The problem became apparent to us when we recently moved one of our most connected service to our Kubernetes cluster. The move was seamless, but after while we started seeing seemingly random connections errors to this service across our platform.

After some investigation we realized that whenver we deployed new update to the service, there was chance some of the other services fails some requests during the deployment.

To prove that hypothesis I did synthetic test using wrk and triggering the rolling update at the same time:

wrk https://www.server.com/api &
sleep 1 && kubectl set image deployment/api api=driftrock/api:2

The result confirmed the problem:

Running 10s test @ https://www.server.com/api
  2 threads and 10 connections
  Thread Stats   Avg      Stdev     Max   +/- Stdev
    Latency   290.50ms  176.36ms   1.19s    87.78%
    Req/Sec    19.39      9.31    49.00     47.06%
  368 requests in 10.10s, 319.48KB read
  Non-2xx or 3xx responses: 19
Requests/sec:     36.44
Transfer/sec:     31.63KB

Lets' look at the issue in more detail further in this article.

Kubernetes pod termination process

Let's look first at how Kubernetes terminates pods. It will be crucial to understand how application should handle the termination.

According to the documentation https://kubernetes.io/docs/concepts/workloads/pods/pod/#termination-of-pods it follows these steps (more or less):

  1. If pod has network services, kubernetes stops routing new connections to the terminating pod. Already established connections are left intact and open.
  2. Kubernetes sends TERM signal to the root process of each container in the pod, assuming containers will start stopping. The signal it sends cannot be configured.
  3. It waits time period specified in terminationGracePeriodSeconds of pod (30 seconds by default). If the containers are still running at this point, it sends KILL terminating the containers without giving them chance for one more breath.

That looks good. What is the issue?

It seems that Kubernetes does everything needed - stops sending new connections and gives the application 30 seconds to stop the currently processing work.

However there are two important catches. First is HTTP keep-alive connections and second is how applications react to TERM signal.

Keep-alive connections

As we could see above, Kubernetes keeps any established network connections intact during the termination. That makes sense - Kubernetes gives the 30 seconds to the application to tell it's clients to disconnect or to send the response.

But if application doesn't do anything, the application will be receiving new requests via the opened connection happily until the 30 seconds times out. So when client sends new request just milisecond before Kubernetes terminates the container using KILL signal, client will experience dropped connection instead of receiving response.

In HTTP world this affect not only browser clients, where few dropped connections may not be disasterous. Most applications runs behinde a Load Balancer. In most cases LB connects to the backend using keep-alive connection. Which then affect also API calls, even if those calls are usually made as separated connections from the client to the public facing side of the Load Balancer.

TERM signal mishandling

Now you may be thinking - wait a moment, so why the application doesn't stop? Why does it keep receiving new requests after receiving TERM signal until the last CPU instruction?

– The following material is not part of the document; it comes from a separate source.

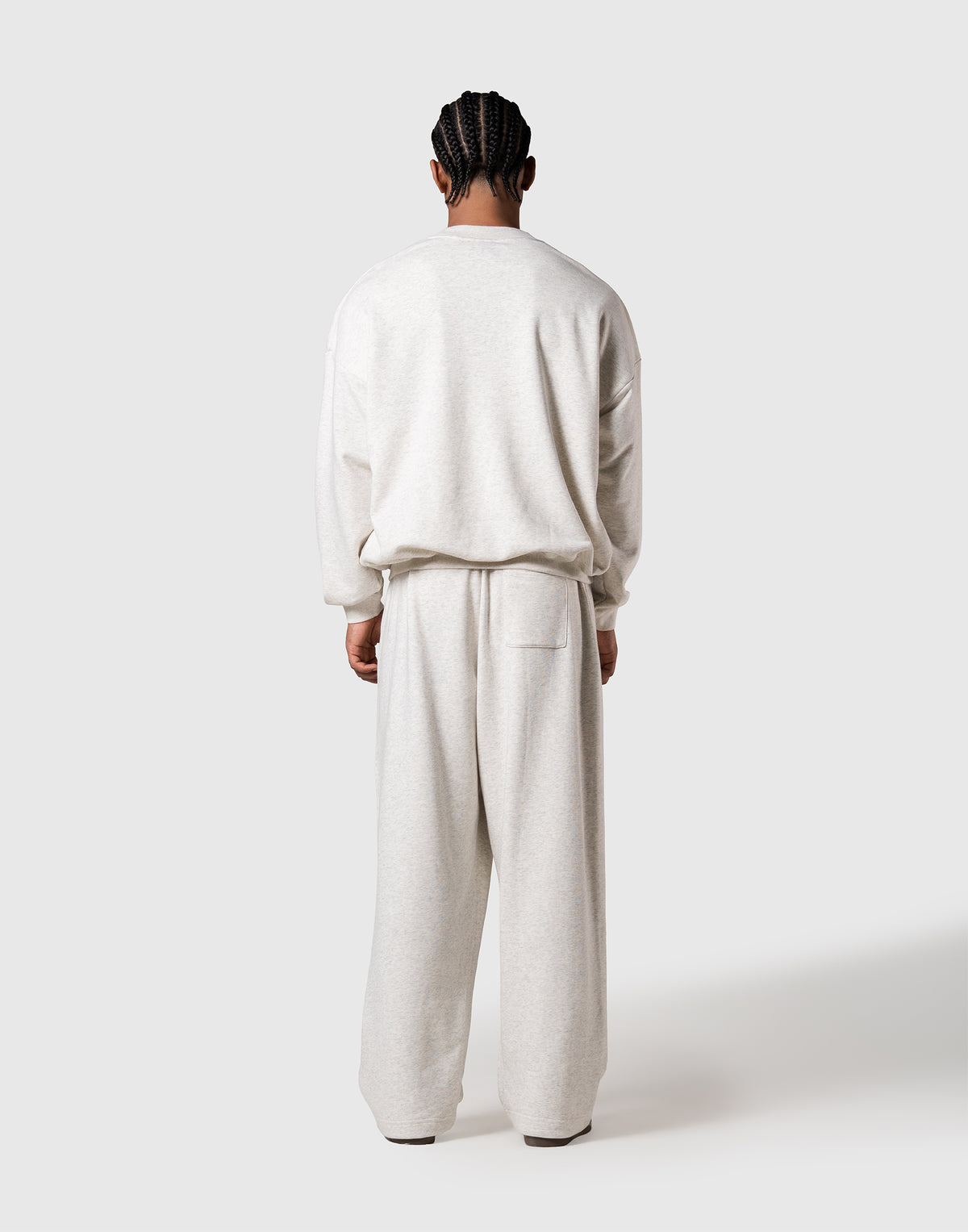 One Point LÝFT Logo Crewneck Sweat - Ivory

The problem is in that different applications within different Docker image setups will handle the signal in different, other, ways.

In this investigation I noticed 3 different cases of how application handle the TERM signal:

  • it ignores it - for example Elixir's Phoenix framework doesn't have builtin graceful termination (see here)
  • it does something else - for example nginx terminates itself immediately (ie non-gracefuly) (see here)
  • or it is run withing shell in Docker container (eg /bin/sh -c "rails s"), so the application doesn't receive the signal at all.

Any of those cases leads to that that the problem describe about keep-alive connections will take effect. Let's look at on how to avoid it and make the applications ready for kubernetes rolling update.

Zero-downtime ready pod™

From above we can get sense of what needs to be satisfied in order pods to be trully ready for rolling updates on Kubernetes. Let me try to put it in points:

  • If the pod has network service, it needs to gracefully drain connections after receiving TERM signal
  • If your application has built-in handling of TERM signal, make sure that it receives it when it runs in Docker container
  • Setup the terminationGracePeriodSeconds according to what is expected maximum time of finishing any job currently processing. This depends on your application workloads.
  • Have at least 2 (but ideally 3) replicas running, and setup the deployment to keep minimum at least 1 pod running during rolling updates.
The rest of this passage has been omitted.